PROBLEM DESCRIPTION
Type out the lines below exactly, pictures excluded.
---------- SUPPLIED MATERIAL
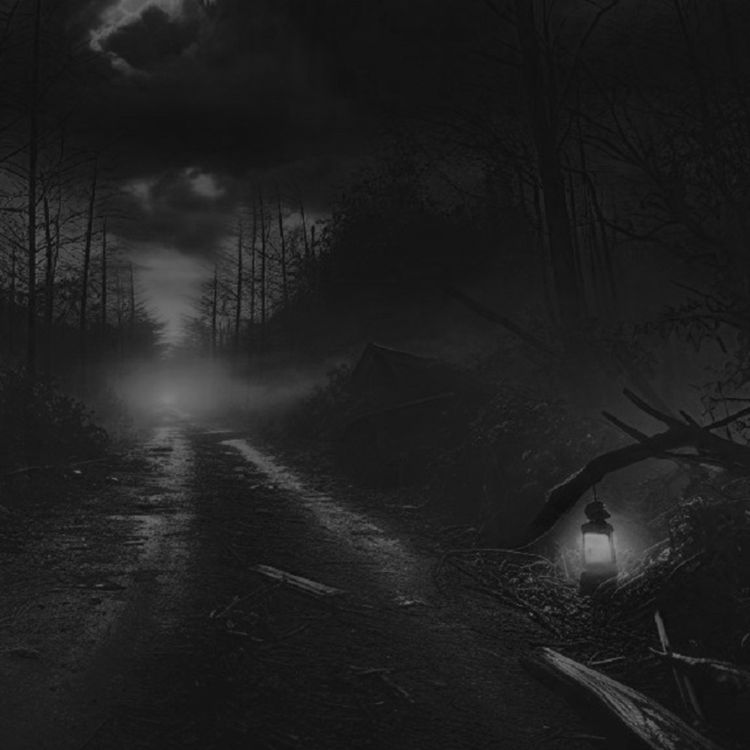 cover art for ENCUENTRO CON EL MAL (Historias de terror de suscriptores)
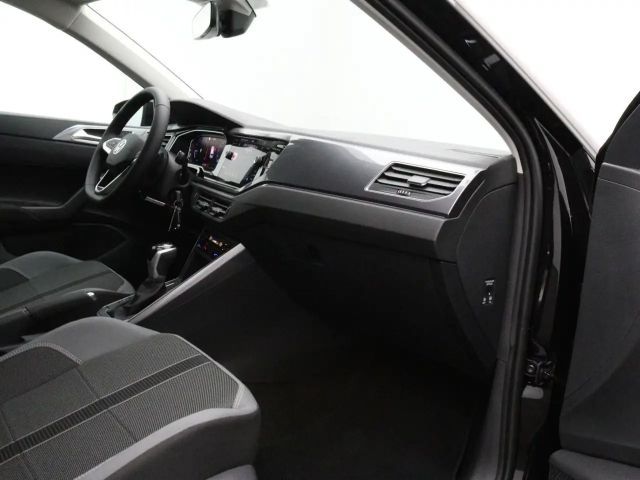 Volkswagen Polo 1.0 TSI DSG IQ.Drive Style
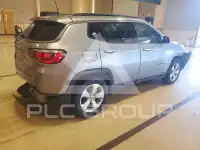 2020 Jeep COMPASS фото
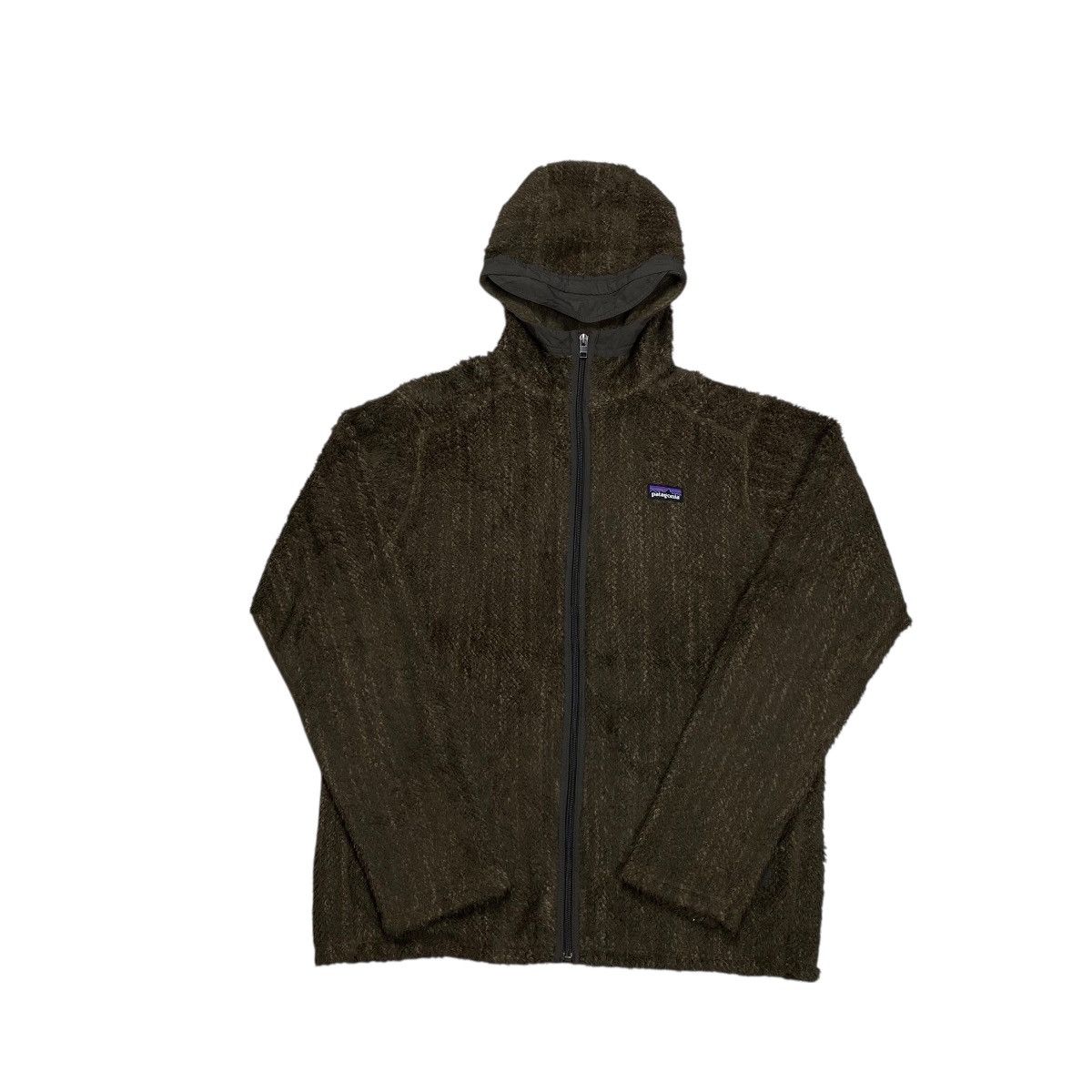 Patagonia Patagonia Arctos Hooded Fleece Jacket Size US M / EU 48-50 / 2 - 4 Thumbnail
--------------------
REPLY
 cover art for ENCUENTRO CON EL MAL (Historias de terror de suscriptores)
 Volkswagen Polo 1.0 TSI DSG IQ.Drive Style
 2020 Jeep COMPASS фото
 Patagonia Patagonia Arctos Hooded Fleece Jacket Size US M / EU 48-50 / 2 - 4 Thumbnail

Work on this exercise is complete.